I think that one has to agree that an embryo, and early fetus, qualifies for the definition of a parasite, under the aforementioned definition.
Once the fetus reaches viability, then IMO the rules change. Even so, in the case where the life of the mother is at stake, a partial birth abortion is a sad, but sometimes necessary option. I think that most would agree that if a choice needs to be made, the life of the mother trumps that of the fetus.
An acorn may be a potential oak tree, but it is no tree!
Under the above definition, the fetus is a parasite until the moment it is born.
I'll admit, I am no expert on partial birth abortions. I may not be understanding something. I need some education.
As the name implies to me, the fetus is already partially born.
Finn, Thanks for taking my questions seriously and giving them some thorough consideration. It is the kind of exploration of this issue that we need and not the usual religious, vs scientific, etc arguments it usually reduces to. The test of a good argument is if it is continued when the question is flipped and the argument still stands.
Most of these discussions only frame the argument within the limited scope of it being only the woman's decision vs. the father's wishes with the woman wanting to end the pregnancy and the father not having any say in the matter.

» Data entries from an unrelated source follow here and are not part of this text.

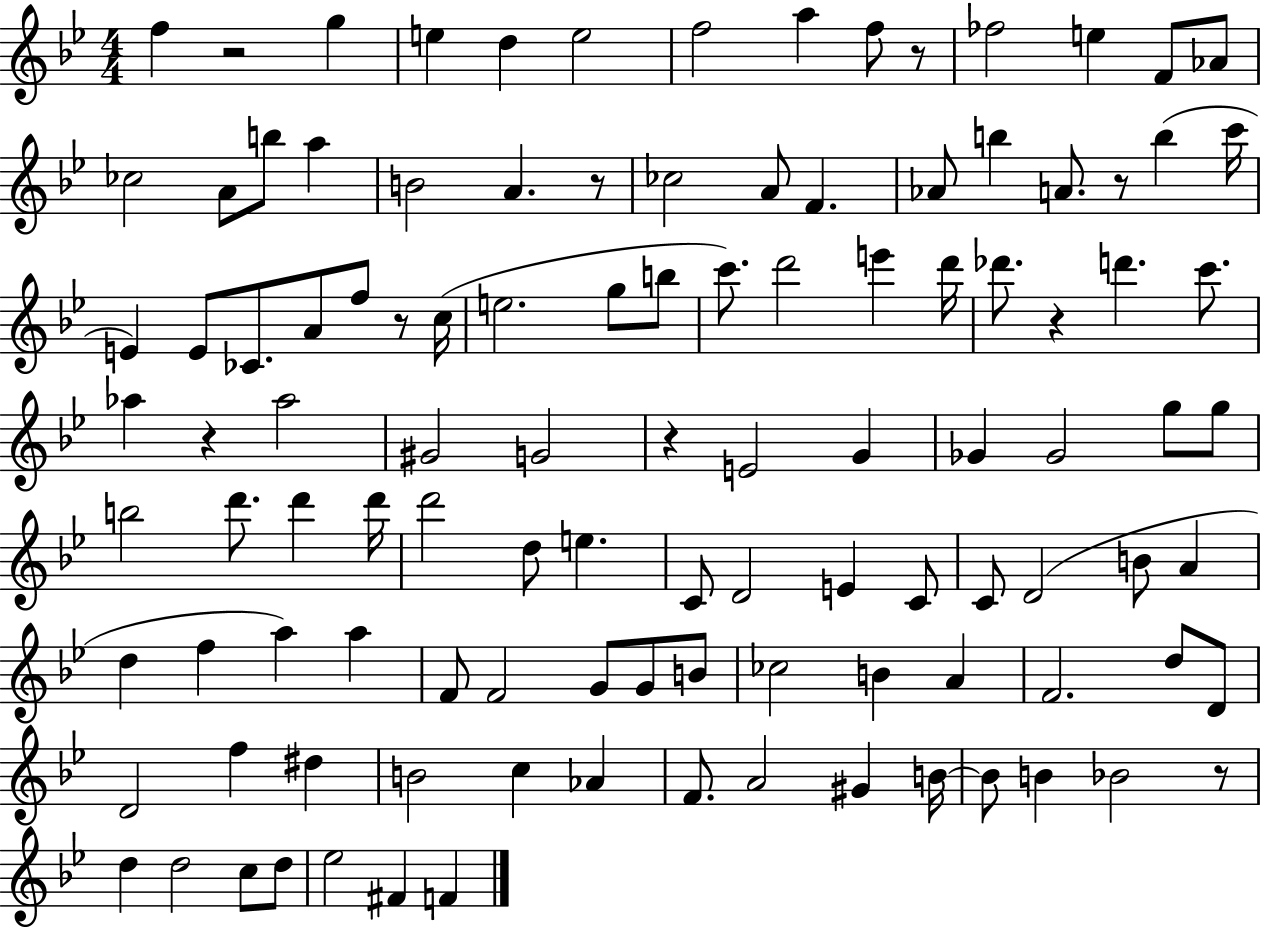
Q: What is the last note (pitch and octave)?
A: F4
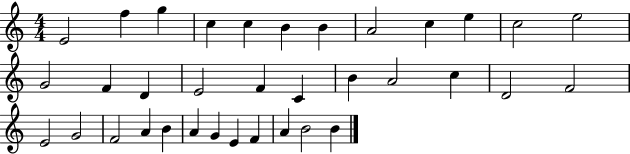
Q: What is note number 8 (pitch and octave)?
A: A4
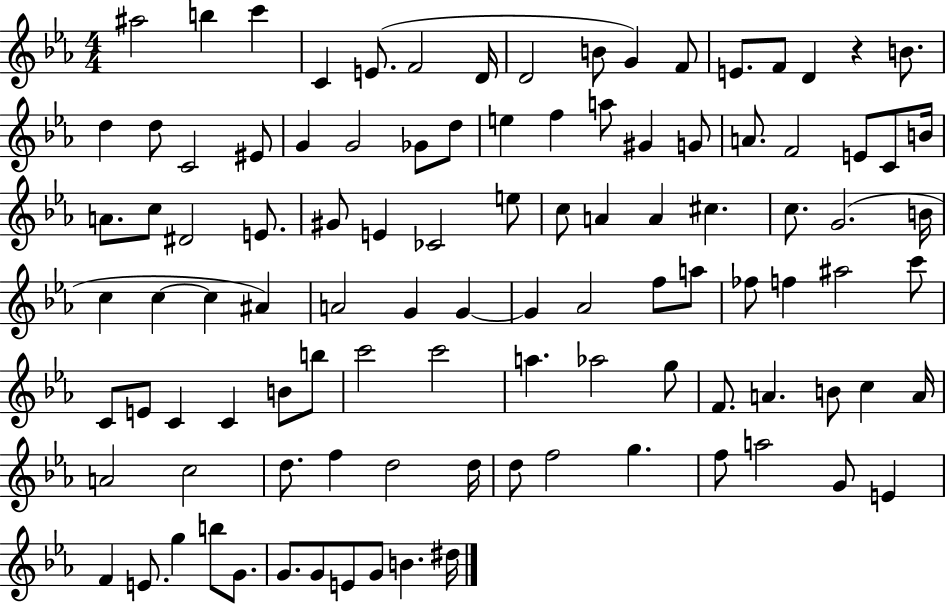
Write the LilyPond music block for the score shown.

{
  \clef treble
  \numericTimeSignature
  \time 4/4
  \key ees \major
  \repeat volta 2 { ais''2 b''4 c'''4 | c'4 e'8.( f'2 d'16 | d'2 b'8 g'4) f'8 | e'8. f'8 d'4 r4 b'8. | \break d''4 d''8 c'2 eis'8 | g'4 g'2 ges'8 d''8 | e''4 f''4 a''8 gis'4 g'8 | a'8. f'2 e'8 c'8 b'16 | \break a'8. c''8 dis'2 e'8. | gis'8 e'4 ces'2 e''8 | c''8 a'4 a'4 cis''4. | c''8. g'2.( b'16 | \break c''4 c''4~~ c''4 ais'4) | a'2 g'4 g'4~~ | g'4 aes'2 f''8 a''8 | fes''8 f''4 ais''2 c'''8 | \break c'8 e'8 c'4 c'4 b'8 b''8 | c'''2 c'''2 | a''4. aes''2 g''8 | f'8. a'4. b'8 c''4 a'16 | \break a'2 c''2 | d''8. f''4 d''2 d''16 | d''8 f''2 g''4. | f''8 a''2 g'8 e'4 | \break f'4 e'8. g''4 b''8 g'8. | g'8. g'8 e'8 g'8 b'4. dis''16 | } \bar "|."
}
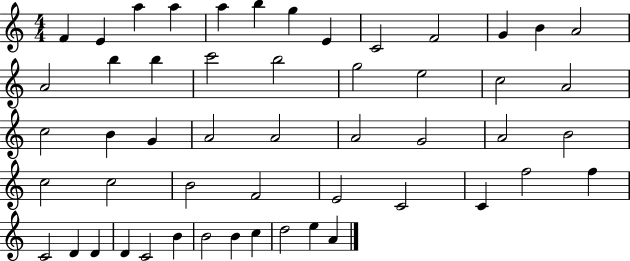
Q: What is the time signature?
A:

Usually when I flip the question and ask it again, it gets ignored or it makes people rethink and explore the basis for their "knee-jerk" argument.
Knowing that you have done such exploration with your argument makes me more receptive to giving it consideration.
Quote:I actually do think abortion is "wrong," but I also think that forcing a woman to have an unwanted baby is "wrong" as well. I cannot decide which is more "wrong," and the fact that both parents might agree on abortion doesn't help me.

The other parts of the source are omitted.